Yunanistan’ın Santorini Adası’ndaki Deprem Fırtınalarına Dikkat!
Van Yüzüncü Yıl Üniversitesi (YYÜ) Jeofizik Mühendisliği Bölümü Öğretim Üyesi Doç. Dr. Hamdi Alkan, Yunanistan’ın Santorini Adası çevresindeki artan depremlere ilişkin önemli uyarılarda bulundu. Alkan, “Eğer bölgede 7’den büyük bir deprem meydana gelirse, İzmir ve çevresi için ciddi bir tsunami riski oluşabilir” dedi.
Ege Denizi’nde son zamanlarda gözlemlenen sismik hareketlilik, bilim insanlarının dikkatini çekmiştir. Ege Denizi’nde meydana gelen 500’den fazla deprem fırtınası, araştırmacıları bu bölgedeki sismik aktivite ve potansiyel tsunami riski hakkında uyarılarda bulunmaya yönlendirmiştir. Uzmanlar, bu depremlerin volkanik etkinliklerle ilişkili olduğunu ve uzun sürebilecek bir deprem fırtınasının bir parçası olabileceğini ifade ediyor.
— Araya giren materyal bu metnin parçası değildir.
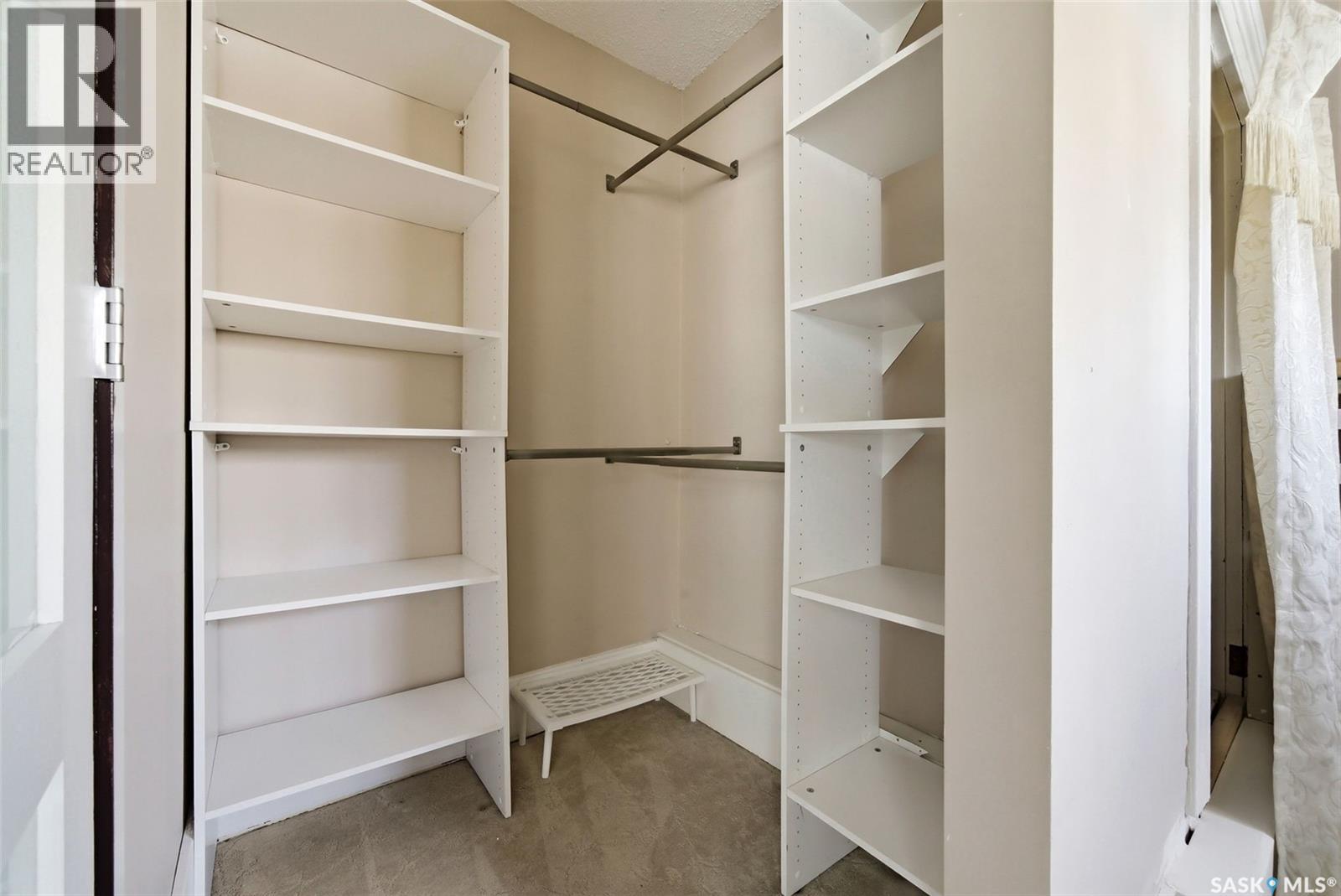 2026 Garnet Street, Regina, Saskatchewan  S4T 2Z6 - Photo 25 - SK030171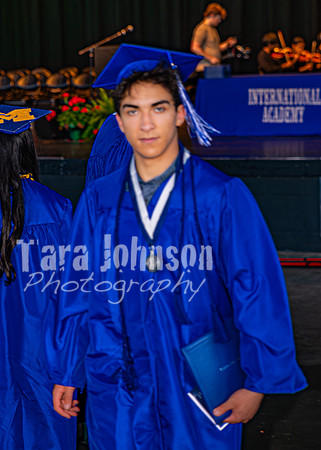 2026 IA Graduation - Exit - TJP (29 of 806)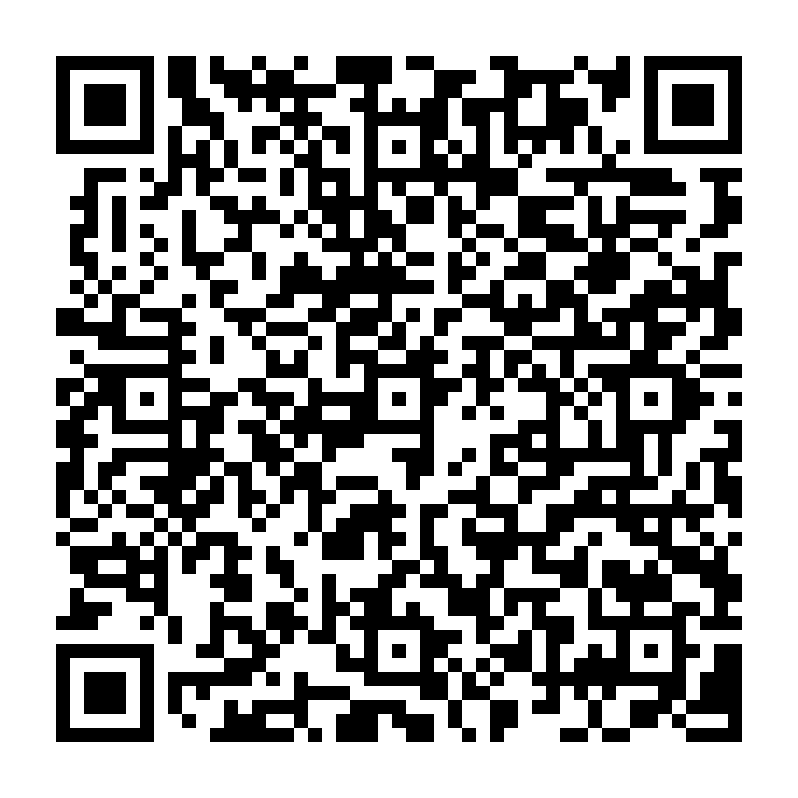 QR-koodi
Ancak, asıl endişe verici olan durum, bu hareketliliğin Amorgos fayını tetikleyerek büyük bir depreme neden olma ihtimalidir. 1950’li yıllarda bu bölgede 7’den büyük bir depremin yaşandığını hatırlatan araştırmacılar, benzer bir büyüklükteki sarsıntının İzmir ve çevresinde ciddi bir tsunami riskini beraberinde getireceği konusunda uyarıda bulunuyorlar.
Volkanik Aktivite ve Depremler
İHA muhabirine açıklamalarda bulunan Doç. Dr. Hamdi Alkan, Prof. Dr. Serkan Öztürk ile birlikte 2024 Kasım ayında yayımlayacakları bilimsel çalışmada, Ege Denizi’ndeki depremlerle ilgili öngörülerde bulunduklarını belirtti. Bu çalışmada, bölgede beklenen depremler hakkında önemli tespitlerde bulunduklarını ifade eden Alkan, şunları söyledi:
- “Günümüzde, 500’den fazla deprem meydana geldi ve sarsıntılar devam ediyor.”
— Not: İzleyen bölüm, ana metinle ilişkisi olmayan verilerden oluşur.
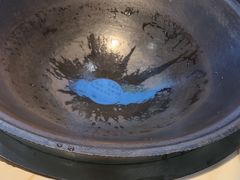 -陈大锅·岳阳鱼馆·地道岳阳菜(美食街店)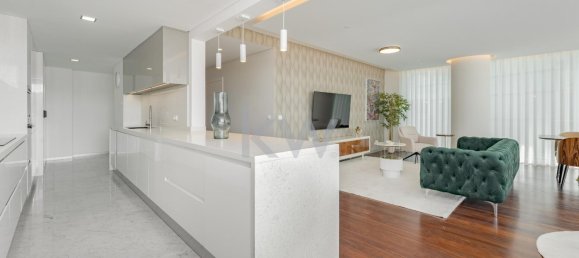 4 bedrooms Apartment in Funchal, Portugal No. 174519 35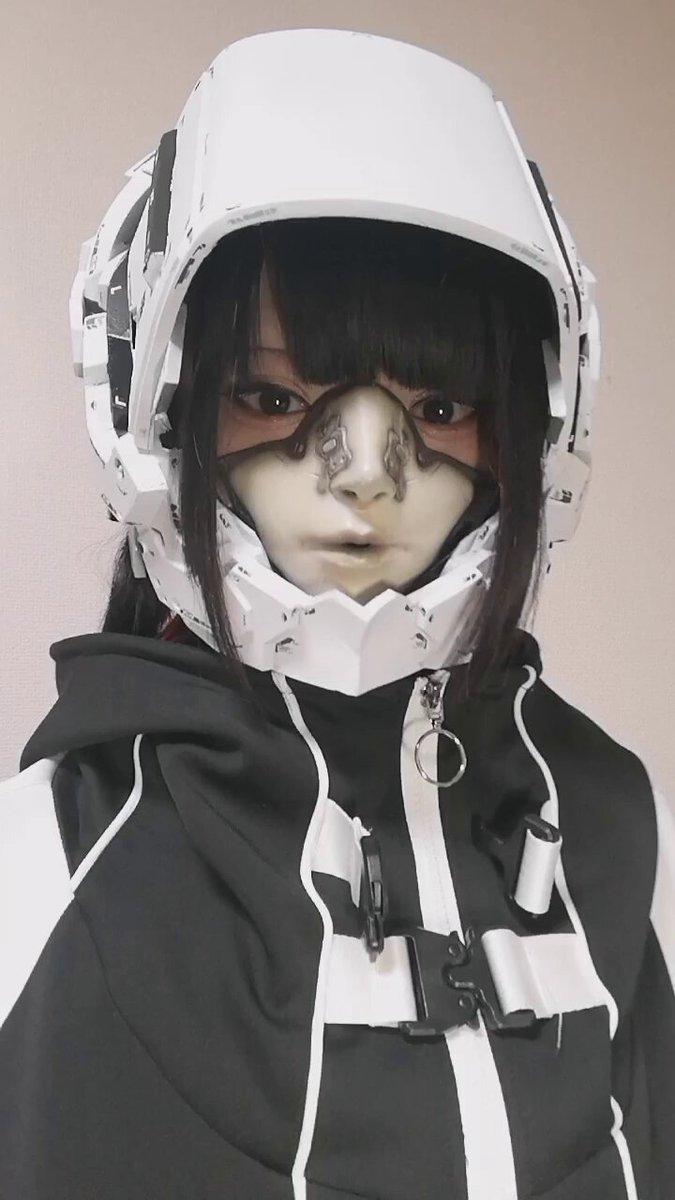 大衆SHOCK堂 (@taisyu_shockdou) / X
- “Bu depremlerin en büyüğü 5.1 büyüklüğünde olup, sığ derinlikte ve normal fay mekanizmasına sahip.”
- “Tüm bu parametreleri bir araya getirdiğimizde, depremlerin volkanik etkinlik ile ilişkili olduğunu söyleyebiliriz.”
Tsunami Riski ve Önleyici Tedbirler
Afrika plakasının kuzeye doğru hareketinin, Santorini ve çevresinde bulunan 5 sismik kuşaktan biri olan Amorgos fay hattında yoğunlaştığını dile getiren Alkan, “Depremler, kalderanın tam merkezinde değil, kuzeydoğusuna doğru, Amorgos fay hattı boyunca yoğunlaşmış durumda.” dedi. Bu depremlerin büyük ölçekli olmaması ve belirli bir aralıkta sıkışmış olmasının nispeten olumlu bir durum olduğunu belirten Alkan, “Ancak, bu tür deprem fırtınalarının 1-2 yıl boyunca sürebileceğine dair literatürde güncel örnekler mevcuttur” diye ekledi.
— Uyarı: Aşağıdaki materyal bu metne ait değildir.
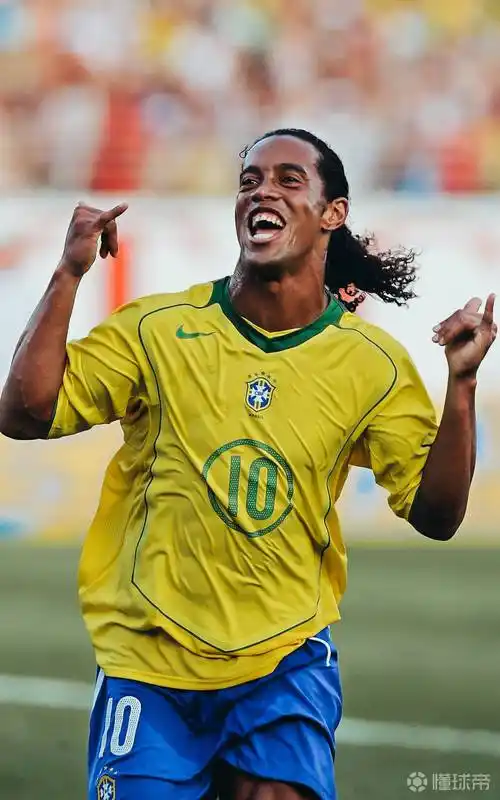 超的国际化 超的国际化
Alkan, “Asıl endişe verici nokta, bu volkanik kaynaklı deprem fırtınasının Amorgos fayını tetikleyerek büyük bir depreme yol açma ihtimalidir.” ifadesini kullandı. Tarihi verilere bakıldığında, 1950’li yıllarda bu bölgede 7’den büyük bir depremin yaşandığını hatırlatan Alkan, “Eğer benzer büyüklükte bir deprem olursa, İzmir ve çevresi için ciddi bir tsunami riski doğacaktır. Özellikle kıyı bölgelerinde büyük yıkımlar meydana gelebilir. Bu nedenle, devletimizin ilgili kurumlarının önleyici tedbirler alması hayati önem taşımaktadır” şeklinde konuştu.
Türkiye’deki Tsunami Tehlikesi
Türkiye’nin kıyı bölgelerinde tsunami tehlikesinin göz ardı edilmemesi gerektiğini vurgulayan Alkan, sözlerini şöyle sürdürdü:
- “Bugün, 6 Şubat depremlerinin yıl dönümü. Bu büyük depremler, 11 ilimizi doğrudan etkileyerek ciddi yıkımlara ve kayıplara yol açtı.”
- “Benzer şekilde, İzmir ve çevresinde 2020’de de bir deprem yaşanmıştı.”
- “Eğer mevcut deprem fırtınası, tektonik hareketlerle büyük bir depreme ve ardından bir tsunamiyi tetiklerse, muhtemel can ve mal kaybı oldukça yüksek olabilir.”
Bu nedenle, Alkan, “Riskleri göz ardı etmeden gerekli önlemleri almak büyük önem taşımaktadır” diyerek sözlerini tamamladı.